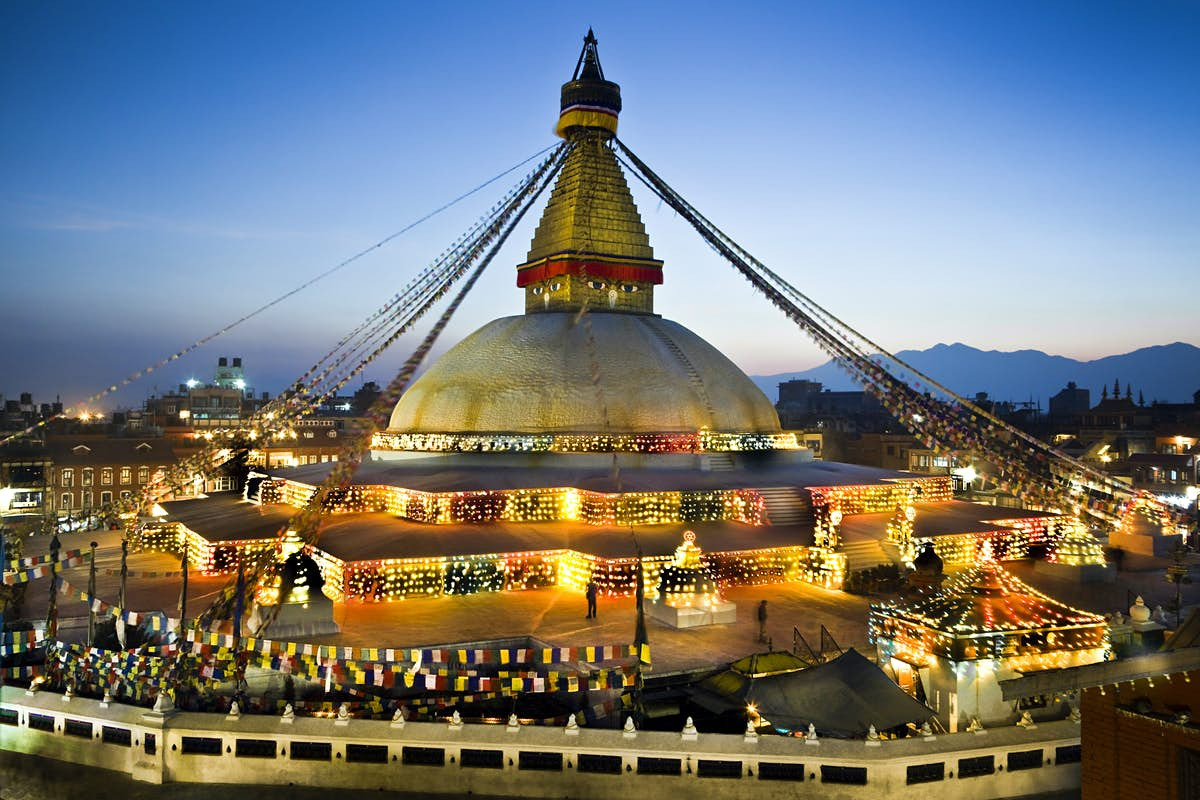 Bodhnath stupa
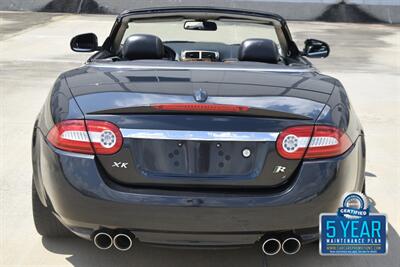 2011 Jaguar XK XKR CONVERTIBLE NAV BK/CAM PREM WHLS NEW TRADE   - Photo 19 - Stafford, TX 77477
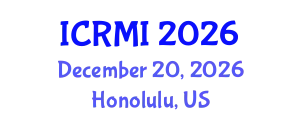 International Conference on Radiology and Medical Imaging (ICRMI) December 20, 2026 - Honolulu, United States
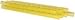 Imperial 72583 Mw Heat Shrink Tubing 10 Ga X 48 -yellow (Pack of 5)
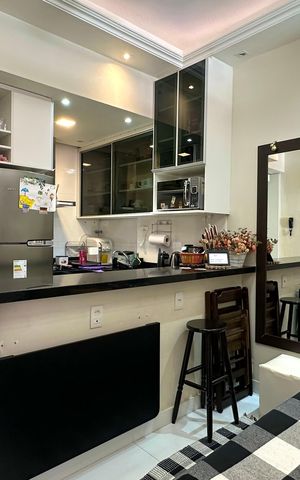 Apartamento para alugar com 30m², 1 quarto e sem vaga Apartamento para alugar com 30m², 1 quarto e sem vagaSala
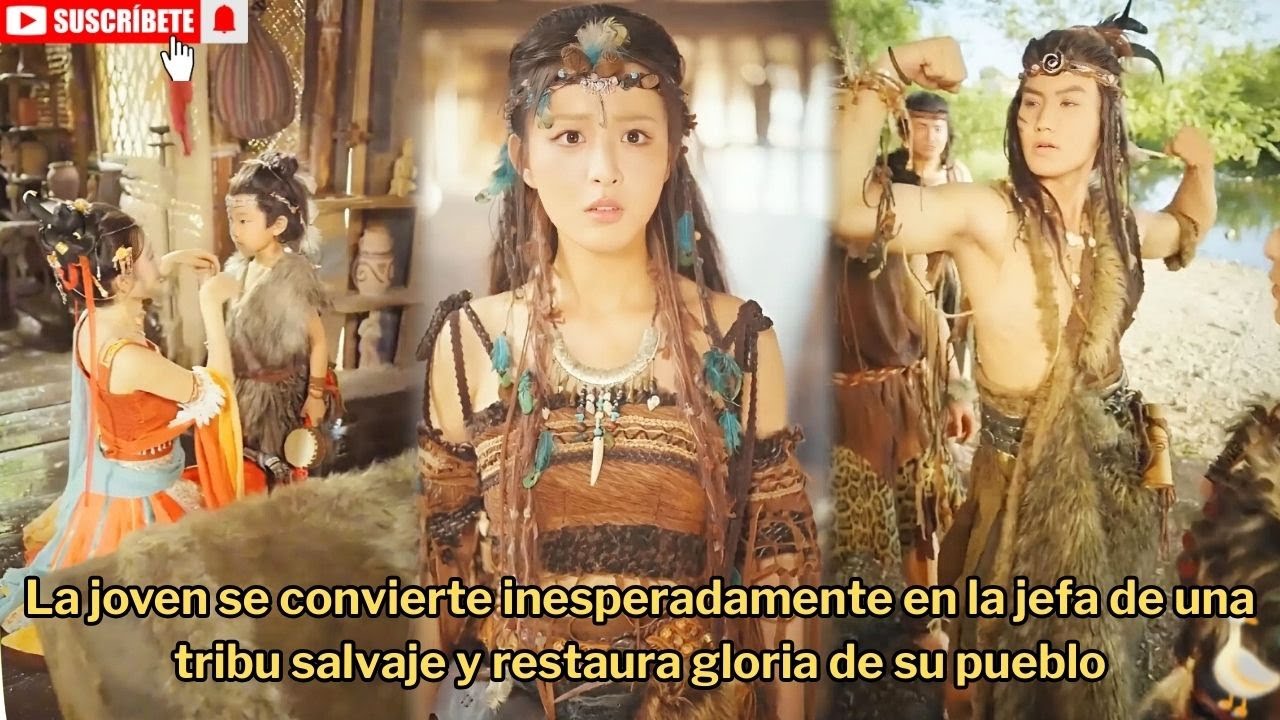 La joven se convierte inesperadamente en la jefa de una tribu salvaje y restaura gloria de su pueblo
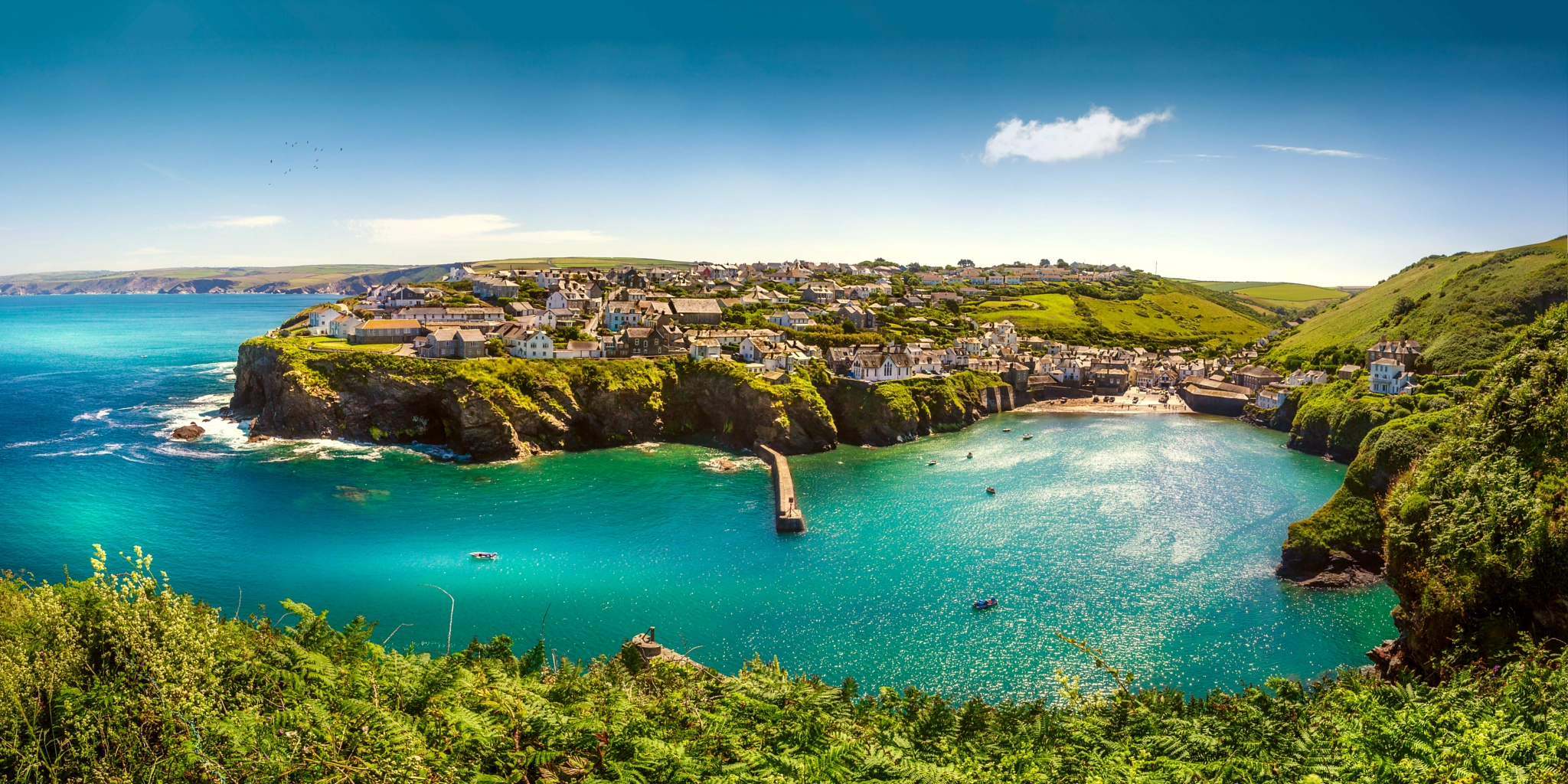 Canon EF-S 18-55mm F3.5-5.6 sample photo. Port isaac photography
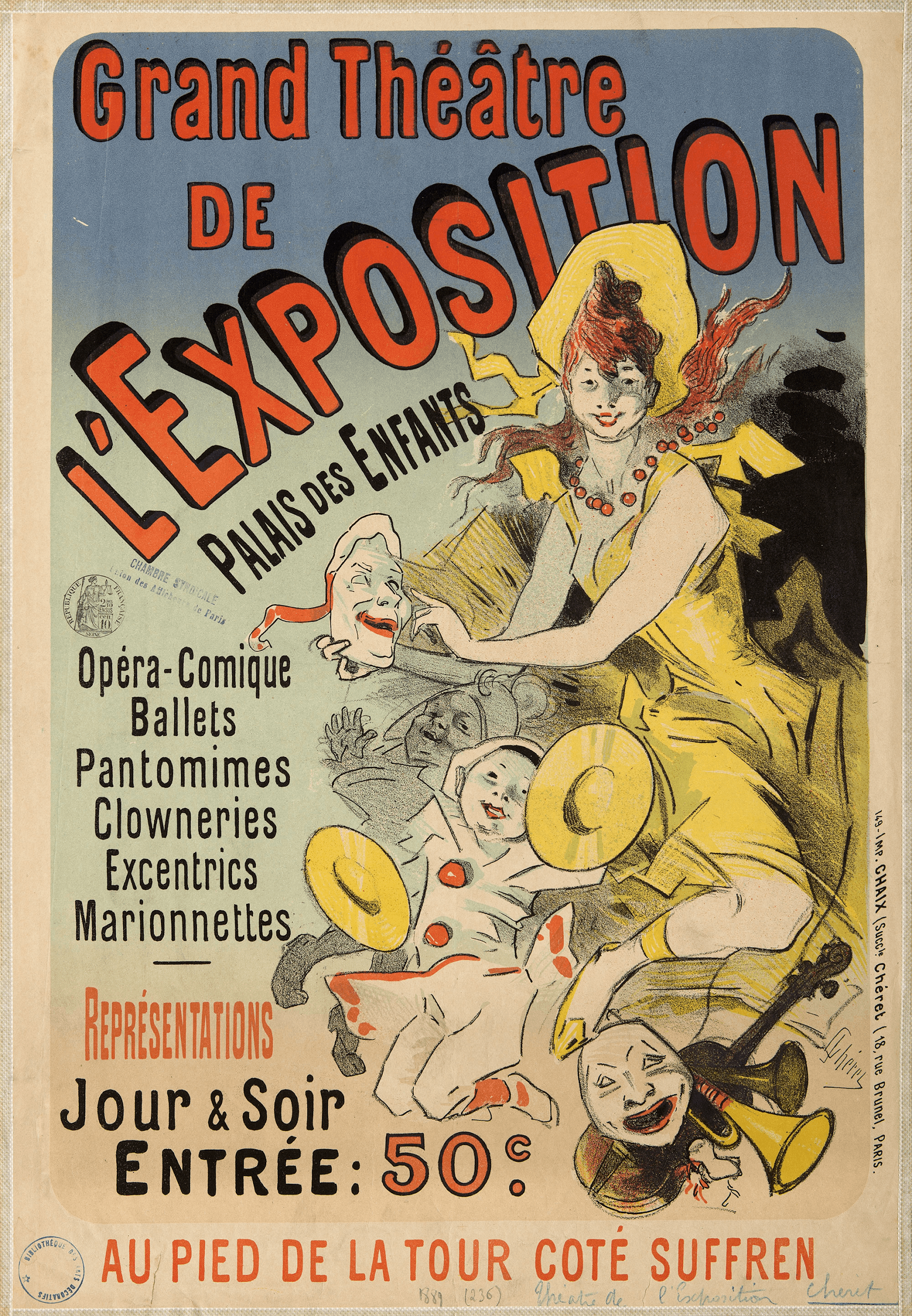 Grand théâtre de l’exposition, Palais des enfants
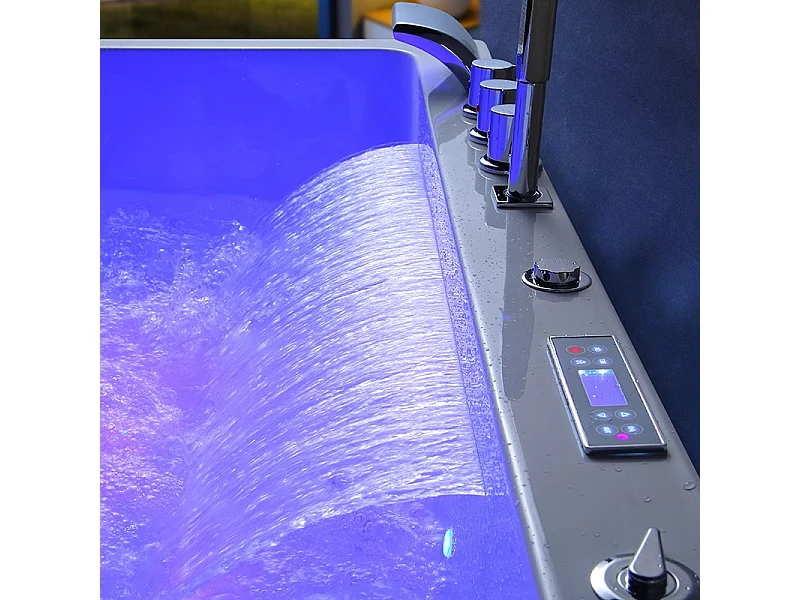 Baignoire balneo HAMILTON 170 ZELAND® 170x75 - angle gauche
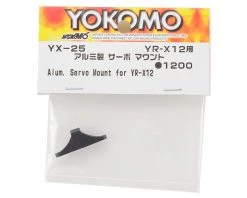 Yokomo YR-X12 Aluminum Servo Mount -Yoko Parts Store yokyx 25 1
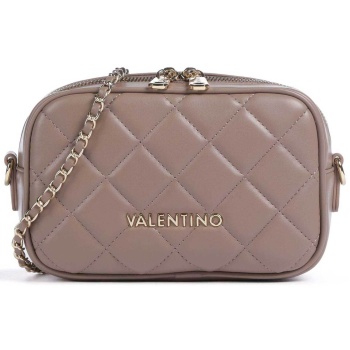 valentino γυναικεία mini τσάντα crossbody μονόχρωμη με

● The problem
Word for word and without pictures, restate only the lines running from the one that contains "Imperial 72583 Mw" through the last line of the listing above.

● Answer area
 Imperial 72583 Mw Heat Shrink Tubing 10 Ga X 48 -yellow (Pack of 5)
 Apartamento para alugar com 30m², 1 quarto e sem vaga Apartamento para alugar com 30m², 1 quarto e sem vagaSala
 La joven se convierte inesperadamente en la jefa de una tribu salvaje y restaura gloria de su pueblo
 Canon EF-S 18-55mm F3.5-5.6 sample photo. Port isaac photography
 Grand théâtre de l’exposition, Palais des enfants
 Baignoire balneo HAMILTON 170 ZELAND® 170x75 - angle gauche
 Yokomo YR-X12 Aluminum Servo Mount -Yoko Parts Store yokyx 25 1
 valentino γυναικεία mini τσάντα crossbody μονόχρωμη με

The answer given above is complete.